→ **Collected data entries**
<<<<
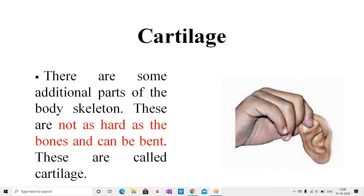Cartilage is also found in the bone joints, rib cage, nose, throat, and between the bones of the back. Its main function is to connect bones together. It also prevents the bones from rubbing against each other.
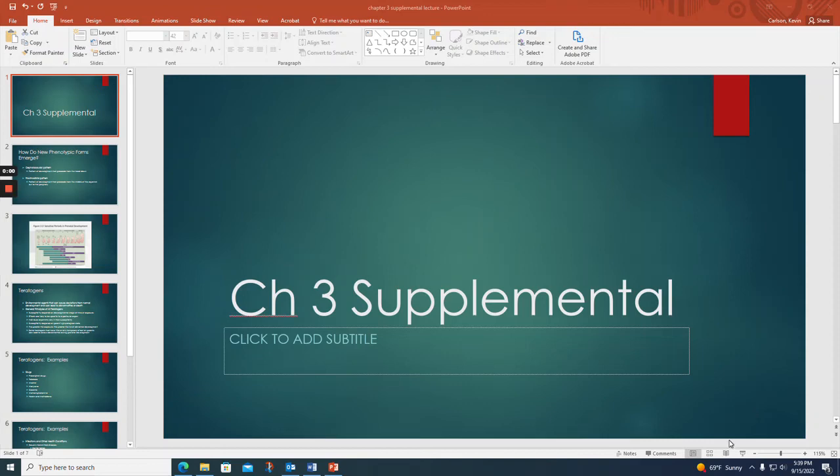Hi everybody, this is a very quick video giving some supplemental information for chapter 3 on prenatal development.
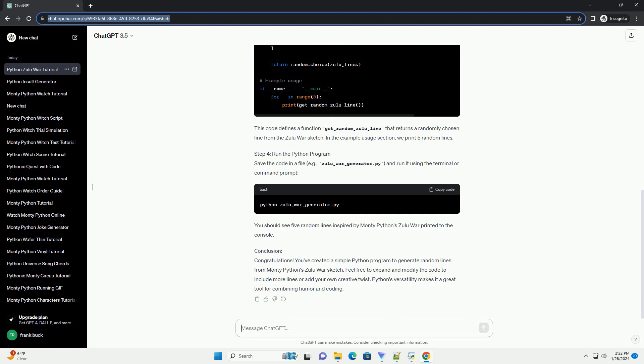Step 3: Writing the Python Code. Let's create a Python program that generates random lines inspired by Monty Python's Zulu War. We'll use the random module to pick lines randomly. This code defines a function get_random_Zulu_line that returns a randomly chosen line from the Zulu War sketch. In the example usage section, we print 5 random lines.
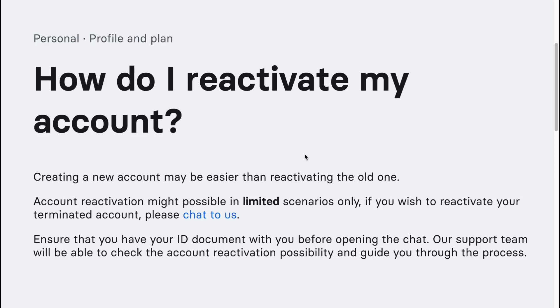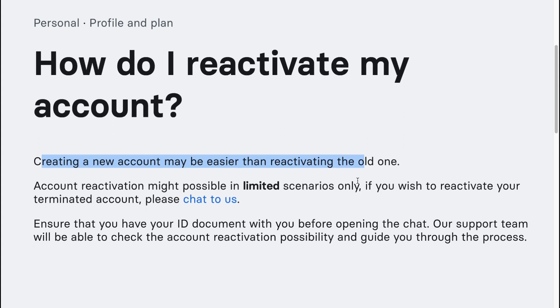How to reactivate your Revolut account. Creating a new account may be easier than reactivating the old one.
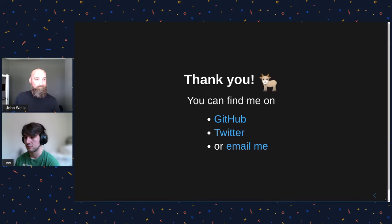Cool that sounds lovely. Thank you for sharing and unless there's any last questions I think we're ready for the next talk.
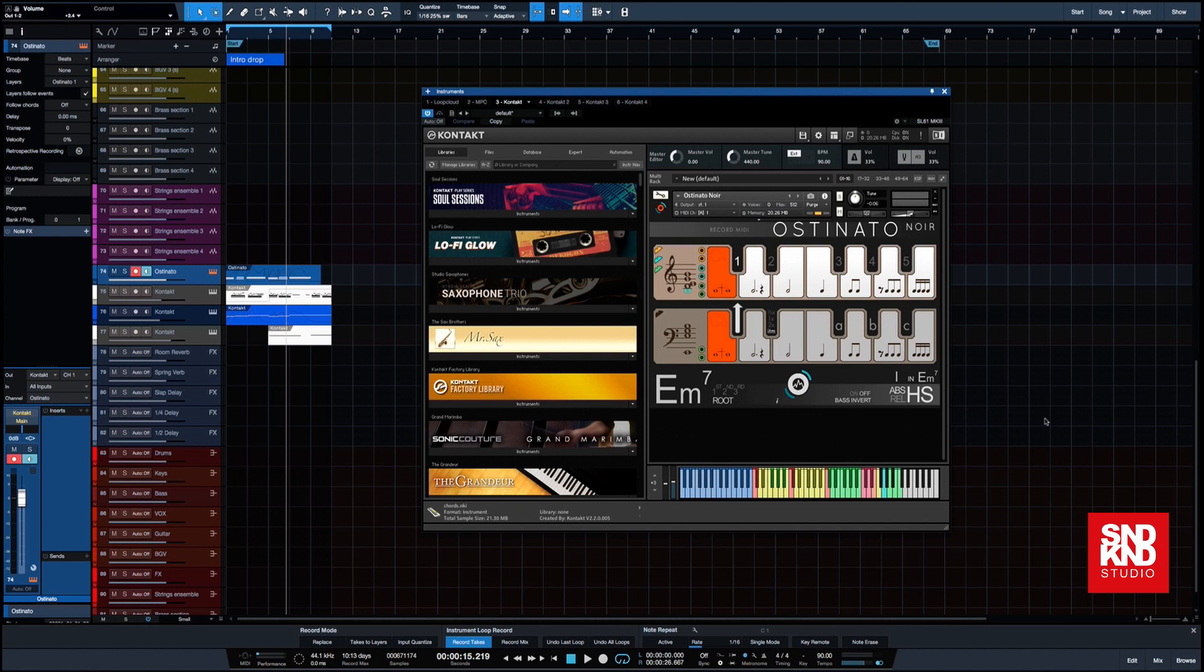So this is something that you'll do if you've got a big score that you're using and you've got 40, 50 instances of Kontakt. I mean, often what I do is if I know I'm not going to make any changes, say I'm playing the piano and I know I'm not going to make any changes to it, I actually print it and I work with the audio file if I know I'm not going to make any changes to it.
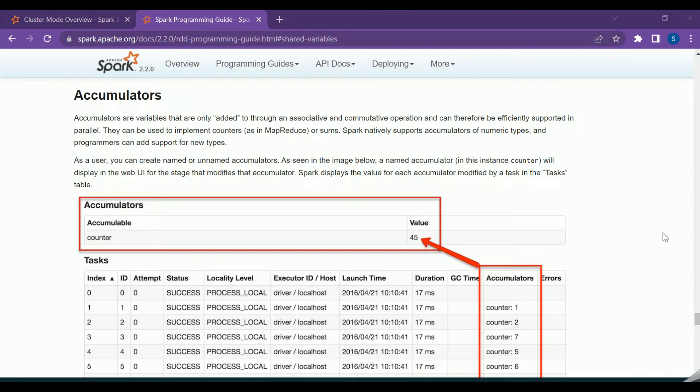What are accumulators? These are shared variables whose value can be accumulated. Accumulators are mainly used to implement counters in MapReduce or for calculating sums. Spark context supports accumulators for primitive data types like int and float.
>>>>
→ **Exercise directions**
Your copy must hold exactly the lines from the one with "So this is something" to the end of the records above, both included, and no pictures.

→ **Task solution**
So this is something that you'll do if you've got a big score that you're using and you've got 40, 50 instances of Kontakt. I mean, often what I do is if I know I'm not going to make any changes, say I'm playing the piano and I know I'm not going to make any changes to it, I actually print it and I work with the audio file if I know I'm not going to make any changes to it.
What are accumulators? These are shared variables whose value can be accumulated. Accumulators are mainly used to implement counters in MapReduce or for calculating sums. Spark context supports accumulators for primitive data types like int and float.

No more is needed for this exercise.